Gdzieś po drodze mignęła nam Janina Porazińska. Jej wierszyki, moje ukochane w dzieciństwie, odrobinę się zestarzały i troszkę trącą myszką, ale i tak bawiliśmy się świetnie, bo przecież wchodzi kotek po drabinie, po drabinie, po drabinie. Już ostatni miał szczebelek, a wtem – frr – uciekł wróbelek. A potem, przy okazji jesiennych wycieczek, znowu zaczarowała nas Papuzińska:
Na pierwsze danie — szyszek zbieranie,
suchych gałązek trzask.
Na drugie danie — dymu wąchanie,
niech w nos i w oczy wyszczypie nas.
Trzecie danie — długie czekanie,
na to, co w ogniu upiec się ma.
A na deser każdy dostanie
czarne, parzące ziemniaki dwa.
Czy ktoś u Was reaguje śmiechem na pytanie „gdzie się podziały moje daktyle?”. U nas to fraza-klucz — od razu wszystko wiadomo. Ale ulubionych wierszy Danuty Wawiłow mamy co najmniej kilka. „Daktyle” oczywiście do nich należą, ale tak samo mocno lubimy „Kałużystów”, „Damę i prosie”, „Jak tu ciemno”, „Wilki” — mogłabym wymieniać i wymieniać. Piotr ostatnio najbardziej lubi „Babcię i pudla”.
Była sobie babcia,
miała serce złote,
miała także pudla,
wielkiego niecnotę.
Poszła do ogródka
narwać trochę marchwi,
wraca i co widzi?
Pudel leży martwy!
Mamy jeszcze dwie ulubione książki z wierszami. Jedna z nich to „Wiersze, że aż strach!” Małgorzaty Strzałkowskiej.
Na ulicy Batorego
szło trawnikiem COŚ STRASZNEGO,
szło i wyło, i trąbiło.
Co to było? Co to było?
A druga to „Biały niedźwiedź” Marcina Brykczyńskiego.

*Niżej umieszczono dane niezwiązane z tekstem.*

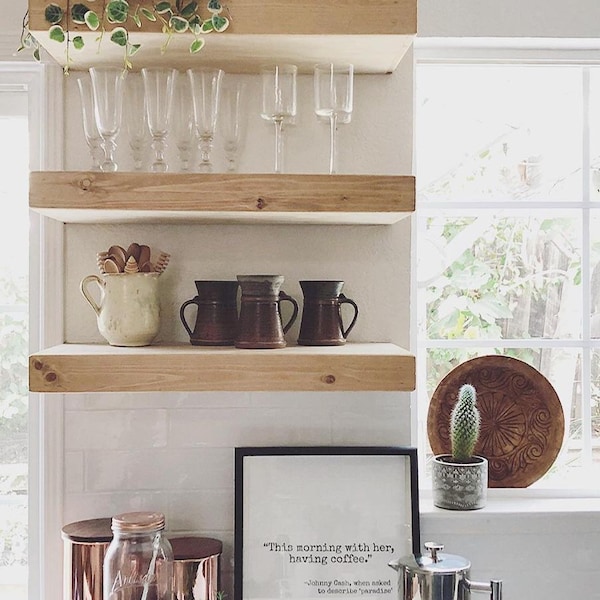 Custom Pine Floating Shelves: Rustic Wood Wall Shelves with Hidden Bracket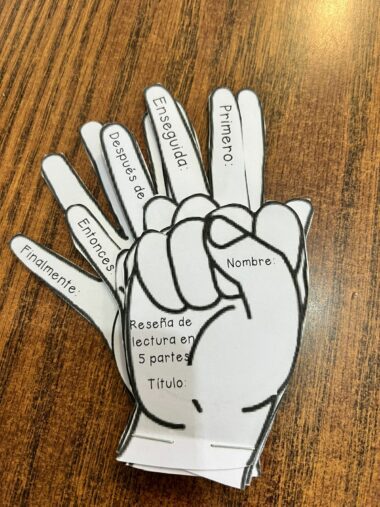 Un recorte de papel con forma de mano diseñado para un **Interactivo para reporte de lectura**. Cada dedo etiquetado dice: "Primero", "Enseguida", "Después de", "Entonces" y "Finalmente". Los espacios para "Nombre" y "Título" están escritos en la base, lo que la convierte en una herramienta ideal para informes de lectura.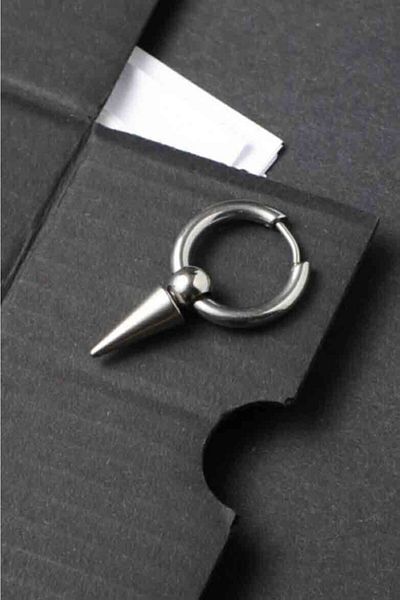 The Collection Unisex Silver Spearhead Steel Earrings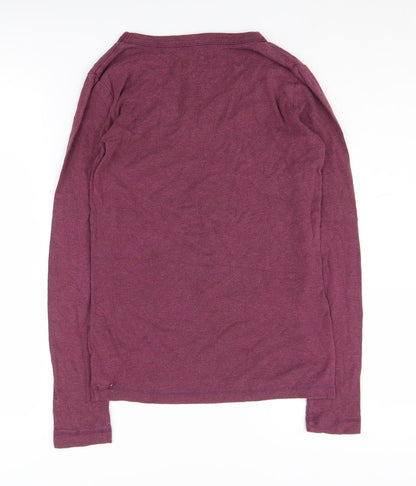 Gap Women's Purple Long Sleeve V-Neck T-Shirt, Size S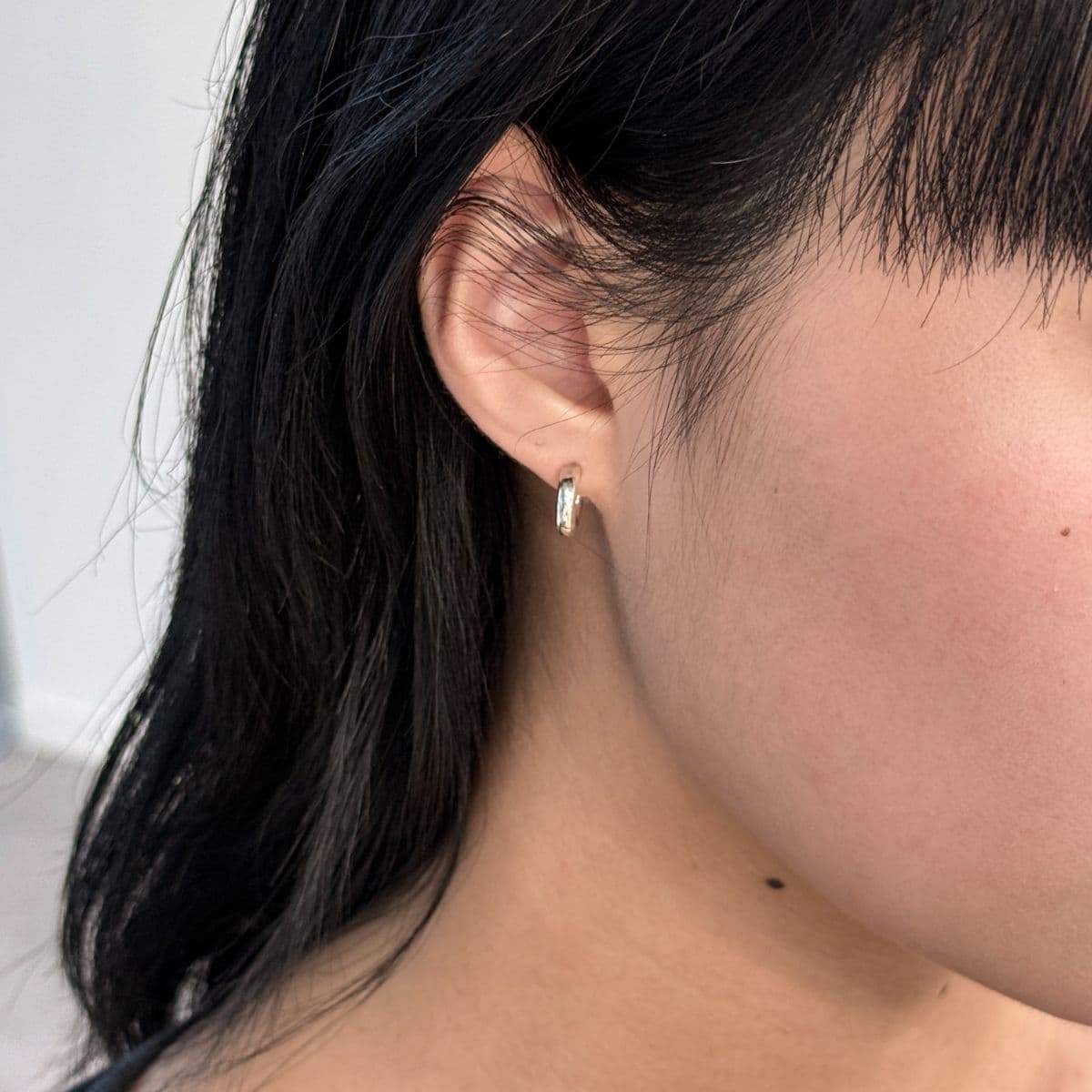 Silver 925 Mini Hoop Ring Earrings 3x12mm Made in Korea 100634 - 이미지 12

Biały niedźwiedź na krze siedział
I rozmyślał tydzień cały,
Czemu taki los niedźwiedzia,
Że jest do znudzenia biały.
Im dłużej piszę, tym więcej wierszy mi się przypomina. Bo przecież poezja dla dzieci, to nie tylko Julian Tuwim, Jan Brzechwa i Maria Konopnicka. To także Marcin Brykczyński, Michał Rusinek, Dorota Gellner, Natalia Usenko, Wanda Chotomska, Agnieszka Frączek i mnóstwo innych nazwisk. Chyba muszę postawić tutaj kropkę, bo inaczej pisałabym do jutra. Bardzo lubię szukać nowych wierszy dla dzieci. Bo poezja dla dzieci wcale nie musi być dziecinna ani łatwa, a na pewno uczy wrażliwości i otwiera głowę.
Czytajcie z dziećmi wiersze. Może spotkacie także Poetę 🙂
Był sobie raz poeta.
Nie wiem, czy wiecie o nim?
Chodził z głową w obłokach…
i z kapeluszem w dłoni.
Można go było spotkać
wędrującego szosą
albo na przełaj przez łąki,
tam dokąd oczy poniosą…
A czasem go widywano
na leśnych ustronnych ścieżkach,
jak szukał podobno… bajki —
że niby w paprociach mieszka!
To wiersz z książki „Kapelusz pełen bajek” Haliny Szayerowej.